Tuesday, November 1, 2011

Home

Maps convey to the viewer that home is never far. It is always in view no matter where one is on the world. Almost as a reassuring reminder that you're never as far as you think you are. I suppose that this is not too far from the truth.

Home is always there, living inside of you. Either chasing you away or calling you back, driving you to be something or ridiculing you for being nothing.

This vision of what home means has become somewhat foggy since I've been back. I remember how crystalline it was back in Benin, the vision of my people and my home and now that crystallization has flipped back, across the ocean to my village of Aklampa.

I see the people I knew frozen in time, going through their daily activities and it's as if I was never there, just a ghost.

Americans, generally, don't have this connection or rootedness to homes. We live in a mobile society, a pioneer society, ready to be moved at an order. The living and breathing quality of being planted to a place, a particular patch of dirt, is not as common amongst us as in other societies.

It is only when one leaves and sees what goodness this brings to life that this way of living is rightly appreciated. People say that home is where the heart is, perhaps a better way to put it is that home is in the heart, a coal that seldom burns out but always blazes inside one's self. You learn to love at home, to cry, to regret. In short to live. Home is life.

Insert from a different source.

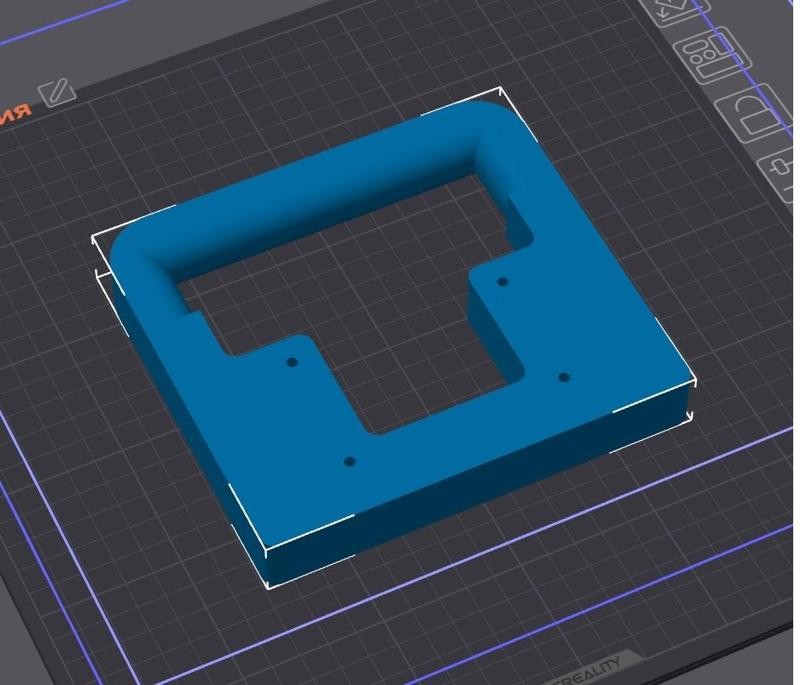 Makita Battery carrier handle Lite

Wednesday, September 21, 2011

Dakar, Or The Car?

Cotonou to Dakar, it turns out, is just as daunting of a voyage as it sounds. Through tropical forests, up and down coffee mountains, through scrub-country and into dry desert, and now bach on the Sahelian coast of Africa. Senegal is the the African mainland's westernmost country, stretching itself out into the great beyond that is the Atlantic Ocean. Dakar is the bee-hive of an African country that has wrapped itself in modern consumerism, with all its perks and pitfalls. The street-hustler here is a breed apart from the ones found in Cotonou, they persist beyond the point of simple annoyance and border on being theives at times. That being said, I myself find Dakar to be a dizzying city, concrete and glass sky-scrappers shoot up into the sky and cars speed down well maintained streets with street cafés that would make the French and Italians jealous. The impact this amazing city has on my senses is compounded by the difficulty it took to get here. A 37 hour bus ride through two countries fueled by instant coffee and cigarettes. This ride felt something akin to being at the bottom of a dirty sock hamper for a football team, hot, humid, hurty. The Bamako-Dakar red-eye we'll call it, as it left the Malian capital at four o'clock in the morning. How do you wake up for a bus that leaves at 4am?, you might ask. Not going to bed is the answer my friends. A nice local bar was very accomadating to us for a few hours as we hobknobbed with local Rastas, Peace Corps Volunteers, ex-pats, and a charming young French journalist who was headed to Dakar with us. This all made the first few hours of our bus-ride all the easier as we all immediately passed out from exhaustion upon arrival. The rest of the trip, not so easy. After having to put up with endless stops and checkpoints and other miscellaneous sheenanigans we managed to arrive in somewhat good spirits. How strange to confront the reality that this will be my last place in Africa before the jump off back into...whatever is waiting. The flight leaves tomorrow night for Istanbul, stay tuned for the next installment. Same bat-time, same bat-channel.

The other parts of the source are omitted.